Color Theory: Warm vs Cool and Saturation

The first order of business is to understand the theory behind what makes colors warm and cool. Depending on the temperature of the colors you select you can begin to set a mood. As a general rule of thumb, the color wheel can be split down the middle; reds, oranges, and yellows are warmer colors while blues, purples, and greens are cooler coolers.

If you’re trying to give a strong “summer” feel to a room, you’ll probably want to use strong shades of warmer colors. Alternatively, if you want to give a more relaxing or “winter” vibe, you’ll want to stick to cooler colors.

The saturation of a color allows you to tone down the brightness. This lets you take what would normally be vibrant colors and remove a lot of their pop. This is a great trick for using colors that would normally be too “in your face.”

Now that you understand the basics of warm and cool colors, you’ll need to understand how to mix your color selections: this is called color harmony.

Complimentary Color Scheme

This method of color and design uses colors that are opposite each other on the color wheel.

Because these colors are directly opposite each other, they clash intensely when used in full saturation. Complementary colors can be incredibly jarring when used across a large area, but they work incredibly well if you want a certain element of a room to stand out against a different element.

 

 

Analogous Color Scheme

This method of color and design uses colors that are directly next to each other on the color wheel. As you change one color, its analogous color schemes shift with it, allowing you to create harmonious color pallets easily.

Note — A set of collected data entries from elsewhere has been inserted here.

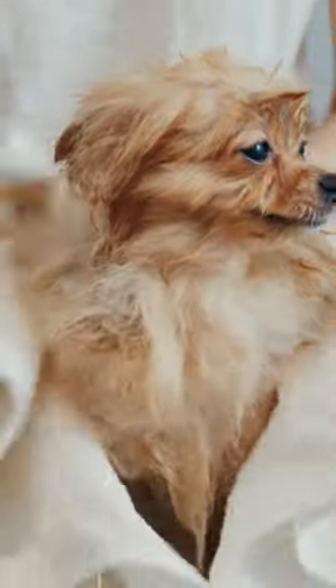One of the most common methods is using a towel. Towels are effective at absorbing water, and they can be used to rub the puppy down until they are dry. However, towels can also be rough on a puppy's skin, and they may not be able to reach all areas of the body.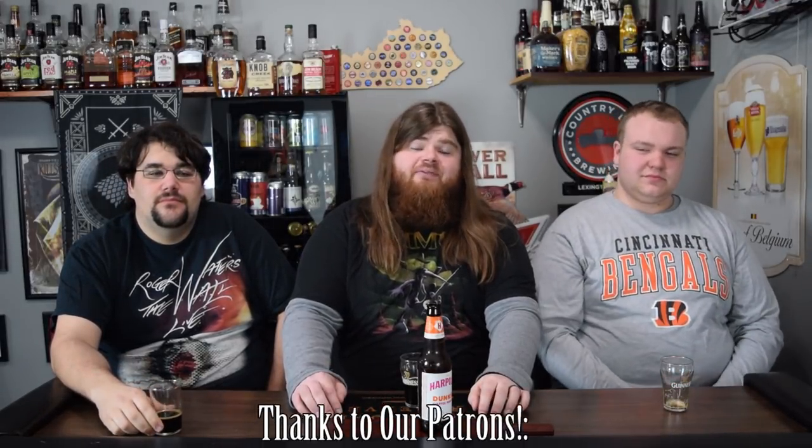That's been our episode. Don't forget to leave a comment down below and hit that like button — that is the best way to support us. I'm Special K. I'm Fuzzy. And I'm Squash. Thanks for watching.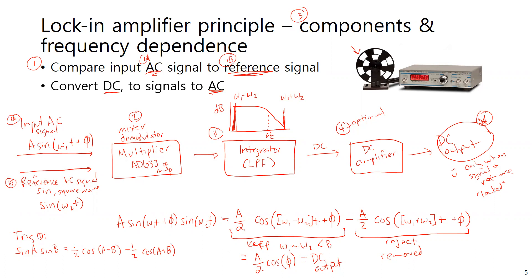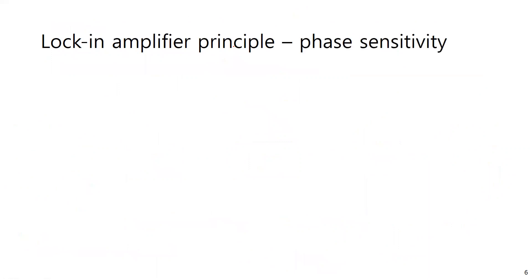If asked what components are needed for a lock-in amplifier: you need an input and a reference signal, multiply those together, then integrate with the appropriate time constant to get a DC output, which can optionally be amplified. Now let's look at how the lock-in amplifier can be used to detect phase differences between signals, starting again from the multiplied input and reference with the trig identity.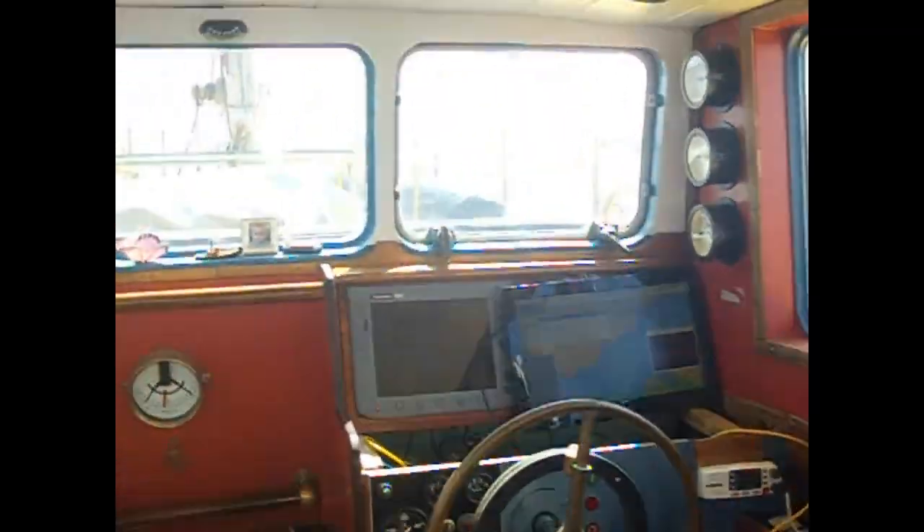Sailing the 30-ton steel vessel Princess Mia is a new challenge because the boat is heavy and the steel can affect the compass.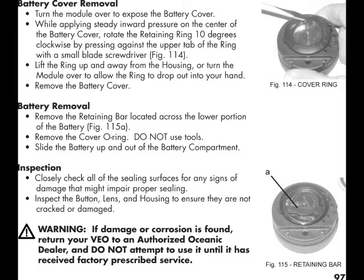Running out of battery during a dive trip? Not a problem. With the Veo 3.0, you can change the batteries yourself.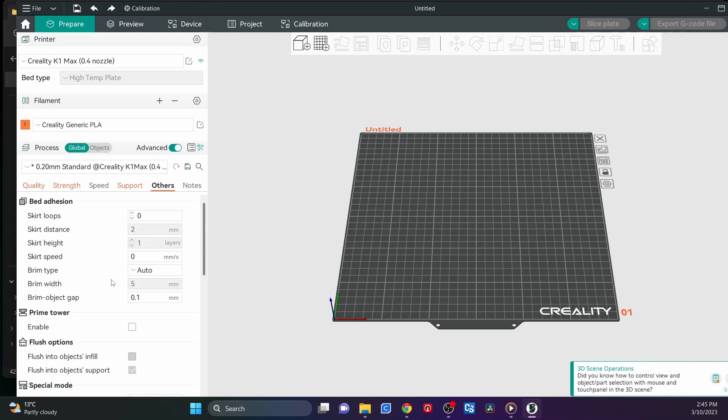With the brim I usually set it to Auto and let the software decide whether it wants to put a brim on or not. If there's a lot of fiddly stuff and it's not touching the build plate solidly, I'll change it to outer brim only — but those are the only two I really use.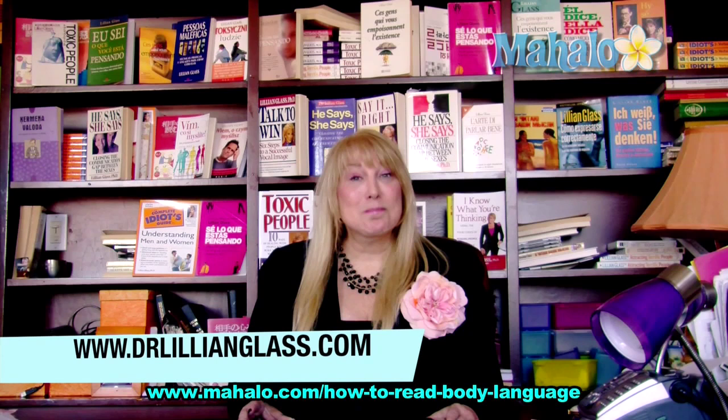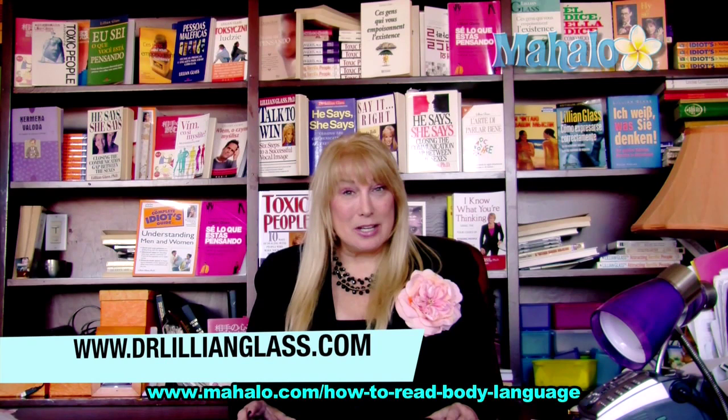This has been Dr. Lillian Glass with mahalo.com. If you'd like more information about body language and communication skills, go to my website www.drlillianglass.com, and if you'd like to see more videos, they're right here.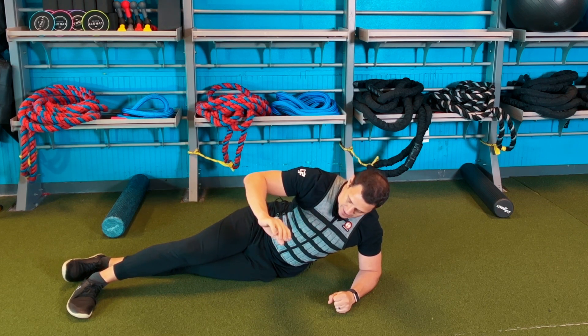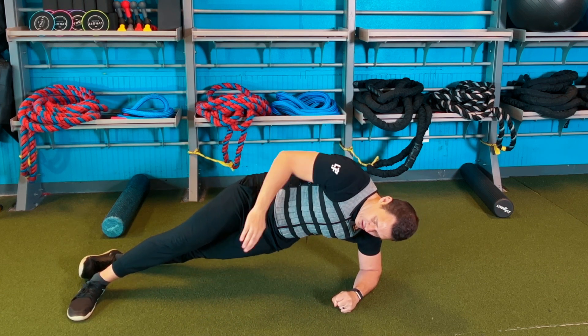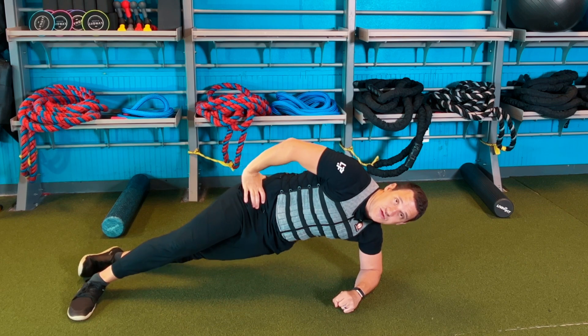What we're going to do is come up into a side plank, keep the other hand on my hip, and try to drive my knee into my chest and then return. This adductor is going to work quite a bit as I'm doing this. These are your side plank marches.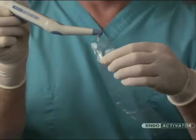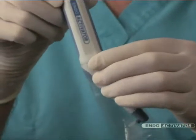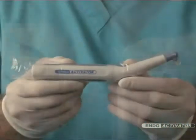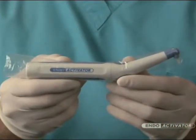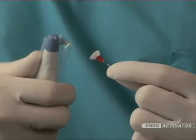Now that you are familiar with the Indo-Activator system, let's look at the clinical guidelines for infection control. Place the barrier sleeve over the driver to protect the entire handpiece. Importantly, attach the activator over the barrier-protected driver.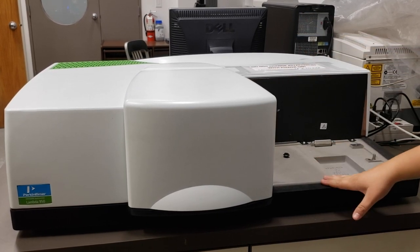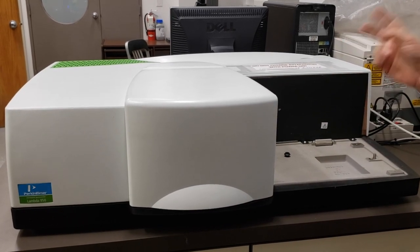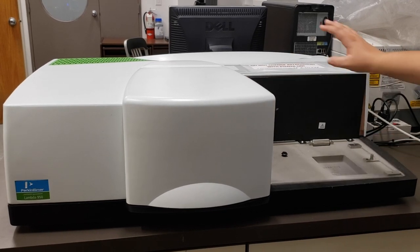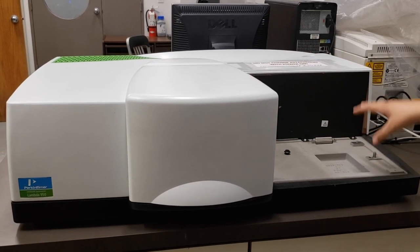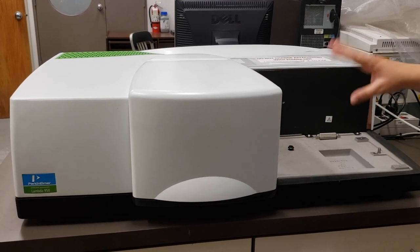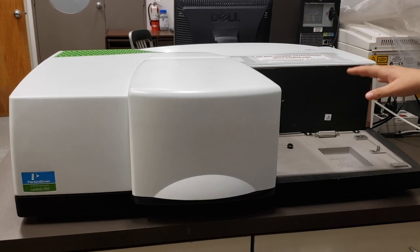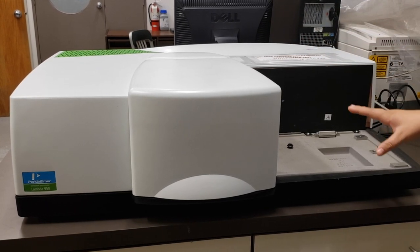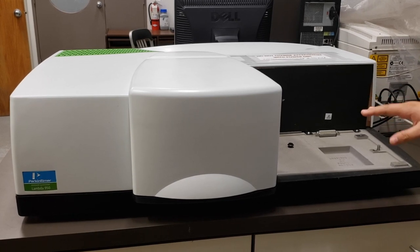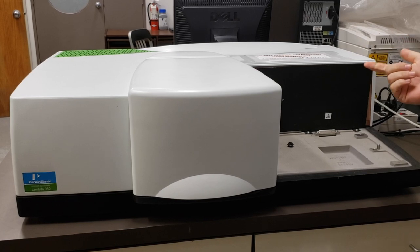The other two detectors — the integrating sphere and the universal reflectance accessory — actually have additional optics and electronics within the detector to direct the light in different ways, where the 2D detector really just passively picks up the light that comes directly through. We have one main sample compartment and then the integrating sphere and the universal reflectance accessory, which have a secondary location where you can put your samples.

Be careful with using an analogous scheme in perfect equals. The colors will blend into each other and you’ll be left without any real sense of direction. Instead, select one color to be the primary, with another color or two to accent it.

Split Color Scheme

You can find a color split by selecting a primary, then find the two colors sitting next to its complementary color.

Creating a split color scheme allows you to tone down a complementary scheme but still have incredible pops of color.

 

 

Tetradic Color Scheme

This method of color and design uses two pairs of complementary colors.

The sky’s the limit with the possibilities of a tetradic color scheme. We recommend that you allow one color to be a strong primary, with the other three colors accenting it. If you’re going for a powerful expression of color, you can use two primary colors and accent each with their complementary.

 

 

 

Monochromatic Color Scheme

This method of color and design uses different hues of one color (hue is mixing white with a color to make it lighter than the original color. Don’t confuse this with shade, where you mix black with a color to make it darker).

Monochrome is perfect when you have a favorite color that you want to use in a room. Find a couple hues of that color and go to town.

 

 

 

Achromatic Color Scheme

This method of color and design uses black and white and adds greys as complimentary colors. It’s hard to go wrong with this color scheme because it’s so easy to implement.